[[ AVAILABLE DATA open ]]

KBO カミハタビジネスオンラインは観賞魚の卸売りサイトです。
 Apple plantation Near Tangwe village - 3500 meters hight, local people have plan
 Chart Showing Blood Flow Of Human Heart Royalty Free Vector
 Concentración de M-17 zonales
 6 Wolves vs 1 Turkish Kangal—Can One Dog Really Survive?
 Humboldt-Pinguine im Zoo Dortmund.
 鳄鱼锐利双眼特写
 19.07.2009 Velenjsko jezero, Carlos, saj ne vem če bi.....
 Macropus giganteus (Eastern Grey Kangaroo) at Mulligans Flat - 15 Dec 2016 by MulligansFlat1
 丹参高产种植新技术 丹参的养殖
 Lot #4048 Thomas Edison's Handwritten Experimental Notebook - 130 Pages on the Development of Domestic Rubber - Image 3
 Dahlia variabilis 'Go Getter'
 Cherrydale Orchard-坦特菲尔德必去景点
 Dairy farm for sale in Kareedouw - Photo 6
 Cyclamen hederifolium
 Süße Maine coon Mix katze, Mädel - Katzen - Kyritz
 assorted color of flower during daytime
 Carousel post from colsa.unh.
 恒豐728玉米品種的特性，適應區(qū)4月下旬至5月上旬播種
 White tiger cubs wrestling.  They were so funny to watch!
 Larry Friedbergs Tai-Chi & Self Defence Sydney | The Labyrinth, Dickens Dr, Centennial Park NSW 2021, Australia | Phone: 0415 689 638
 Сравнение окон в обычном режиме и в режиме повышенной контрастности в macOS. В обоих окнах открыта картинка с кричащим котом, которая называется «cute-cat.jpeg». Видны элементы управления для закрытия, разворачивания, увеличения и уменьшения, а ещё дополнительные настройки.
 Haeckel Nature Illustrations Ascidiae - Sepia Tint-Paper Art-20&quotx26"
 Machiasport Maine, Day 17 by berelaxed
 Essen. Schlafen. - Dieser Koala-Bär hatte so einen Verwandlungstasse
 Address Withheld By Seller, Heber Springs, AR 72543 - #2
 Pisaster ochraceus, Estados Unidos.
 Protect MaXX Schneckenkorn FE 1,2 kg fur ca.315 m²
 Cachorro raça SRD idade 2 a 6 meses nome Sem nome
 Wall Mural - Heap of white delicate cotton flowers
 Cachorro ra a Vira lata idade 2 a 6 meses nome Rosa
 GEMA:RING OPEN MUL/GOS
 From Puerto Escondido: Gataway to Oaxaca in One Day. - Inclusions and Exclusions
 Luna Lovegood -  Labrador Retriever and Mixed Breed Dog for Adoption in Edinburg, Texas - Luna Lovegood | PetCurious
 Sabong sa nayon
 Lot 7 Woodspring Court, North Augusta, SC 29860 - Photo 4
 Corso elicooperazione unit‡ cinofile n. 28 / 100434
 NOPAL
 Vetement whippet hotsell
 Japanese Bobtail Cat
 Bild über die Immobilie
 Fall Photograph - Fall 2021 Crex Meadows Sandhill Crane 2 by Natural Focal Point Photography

[[ AVAILABLE DATA closed ]]

• TASK INSTRUCTIONS
Set down the material above in full, keeping each line exactly as it is.

• PROBLEM SOLUTION
KBO カミハタビジネスオンラインは観賞魚の卸売りサイトです。
 Apple plantation Near Tangwe village - 3500 meters hight, local people have plan
 Chart Showing Blood Flow Of Human Heart Royalty Free Vector
 Concentración de M-17 zonales
 6 Wolves vs 1 Turkish Kangal—Can One Dog Really Survive?
 Humboldt-Pinguine im Zoo Dortmund.
 鳄鱼锐利双眼特写
 19.07.2009 Velenjsko jezero, Carlos, saj ne vem če bi.....
 Macropus giganteus (Eastern Grey Kangaroo) at Mulligans Flat - 15 Dec 2016 by MulligansFlat1
 丹参高产种植新技术 丹参的养殖
 Lot #4048 Thomas Edison's Handwritten Experimental Notebook - 130 Pages on the Development of Domestic Rubber - Image 3
 Dahlia variabilis 'Go Getter'
 Cherrydale Orchard-坦特菲尔德必去景点
 Dairy farm for sale in Kareedouw - Photo 6
 Cyclamen hederifolium
 Süße Maine coon Mix katze, Mädel - Katzen - Kyritz
 assorted color of flower during daytime
 Carousel post from colsa.unh.
 恒豐728玉米品種的特性，適應區(qū)4月下旬至5月上旬播種
 White tiger cubs wrestling.  They were so funny to watch!
 Larry Friedbergs Tai-Chi & Self Defence Sydney | The Labyrinth, Dickens Dr, Centennial Park NSW 2021, Australia | Phone: 0415 689 638
 Сравнение окон в обычном режиме и в режиме повышенной контрастности в macOS. В обоих окнах открыта картинка с кричащим котом, которая называется «cute-cat.jpeg». Видны элементы управления для закрытия, разворачивания, увеличения и уменьшения, а ещё дополнительные настройки.
 Haeckel Nature Illustrations Ascidiae - Sepia Tint-Paper Art-20&quotx26"
 Machiasport Maine, Day 17 by berelaxed
 Essen. Schlafen. - Dieser Koala-Bär hatte so einen Verwandlungstasse
 Address Withheld By Seller, Heber Springs, AR 72543 - #2
 Pisaster ochraceus, Estados Unidos.
 Protect MaXX Schneckenkorn FE 1,2 kg fur ca.315 m²
 Cachorro raça SRD idade 2 a 6 meses nome Sem nome
 Wall Mural - Heap of white delicate cotton flowers
 Cachorro ra a Vira lata idade 2 a 6 meses nome Rosa
 GEMA:RING OPEN MUL/GOS
 From Puerto Escondido: Gataway to Oaxaca in One Day. - Inclusions and Exclusions
 Luna Lovegood -  Labrador Retriever and Mixed Breed Dog for Adoption in Edinburg, Texas - Luna Lovegood | PetCurious
 Sabong sa nayon
 Lot 7 Woodspring Court, North Augusta, SC 29860 - Photo 4
 Corso elicooperazione unit‡ cinofile n. 28 / 100434
 NOPAL
 Vetement whippet hotsell
 Japanese Bobtail Cat
 Bild über die Immobilie
 Fall Photograph - Fall 2021 Crex Meadows Sandhill Crane 2 by Natural Focal Point Photography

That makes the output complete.